Chapter 3, Problem 3.24P

Interpretation Introduction

Interpretation:

It is to determine heat loss from the tank of volume $\text{0}\text{.1}{\text{m}}^{\text{3}}$ contains air at ${\text{25}}^{\text{o}}\text{C}$ and $\text{101}\text{.33}\text{kPa}$ to the compressed air line connected to tank, supplies air at constant conditions of ${\text{45}}^{\text{o}}\text{C}$ and $\text{1500}\text{kPa}$ as a result of crack of valve in gas line so that air flows slowly from air line to the tank until both the pressure will be same keeping tank temperature constant at ${\text{25}}^{\text{o}}\text{C}$ .

Concept Introduction:

To solve the problem, it is needed to find a relation which relates heat transfer of the tank to quantity of air supplies to it and its temperaturechange. Hence,

  $n_1=\frac{P_1{V}^t}{RT}$

And

  $n_2=\frac{P_2{V}^t}{RT}$

Where $V^t$ is the total volume of the tank, $n_1$ and $n_2$ are the number of moles at different pressure and T is constant temperature.

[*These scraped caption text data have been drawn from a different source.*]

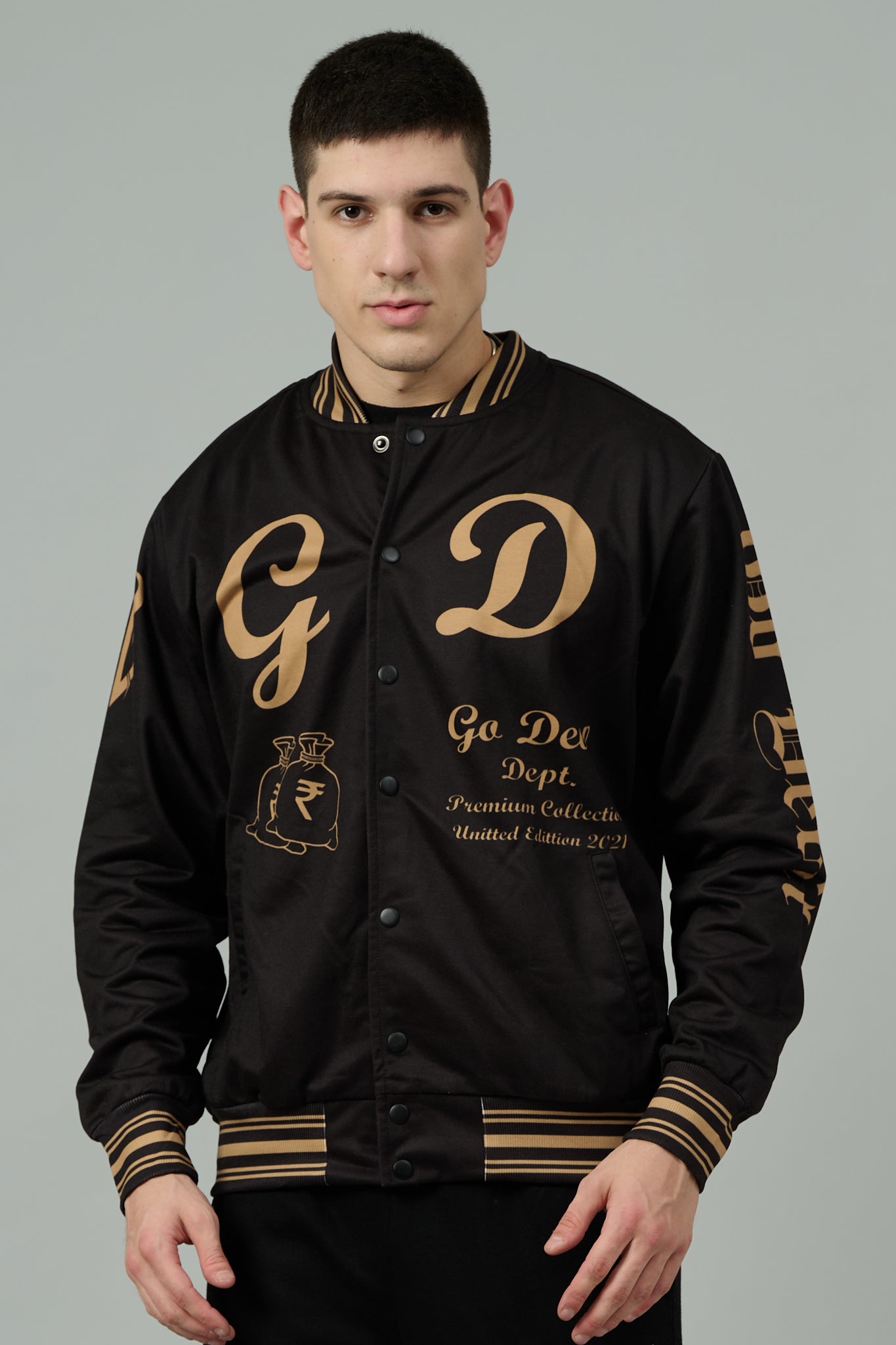 Skull (in Golden) Printed Black Varsity Jacket for Men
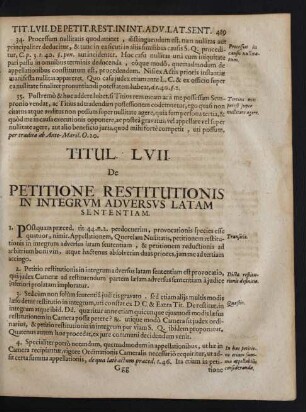 Titul. LVII. De Petitione Restitutionis In Integrvm Adversvs Latam Sententiam.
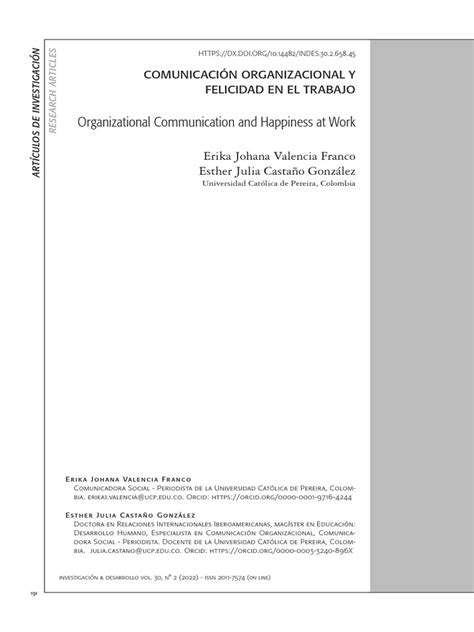 Artículo Comunicación Organizacional Y Felicidad En El Trabajo Pdf Felicidad Bienestar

So, the quantity of air supplies to tank is

  $n^{\text{'}}=n_2-n_1=\frac{(P_2-P_1)V^t}{RT}$.....(1)

For non adiabatic, no shaft work steady state neglecting kinetic and potential terms, the resultant energy balance shall be

  $\stackrel{•}{Q}=-n^{\text{'}}{H}^{\text{'}}+\frac{d(nU)}{dt}$

Multiplying by $dt$ and integrating with respect to time implies

  $\begin{array}{l}Q=n_2{U}_2-n_1{U}_1-n^{\text{'}}{H}^{\text{'}}\\ Q=n_2(U_2-H^{\text{'}})-n_1(U_1-H^{\text{'}})\\ Q=n_2(H_2-RT-H^{\text{'}})-n_1(H_1-RT-H^{\text{'}})\\ Q=n_2(C_P(T-T^{\text{'}})-RT)-n_1(C_P(T-T^{\text{'}})-RT)\end{array}$

Hence

  $Q=n^{\text{'}}(C_P(T-T^{\text{'}})-RT)$.....(2)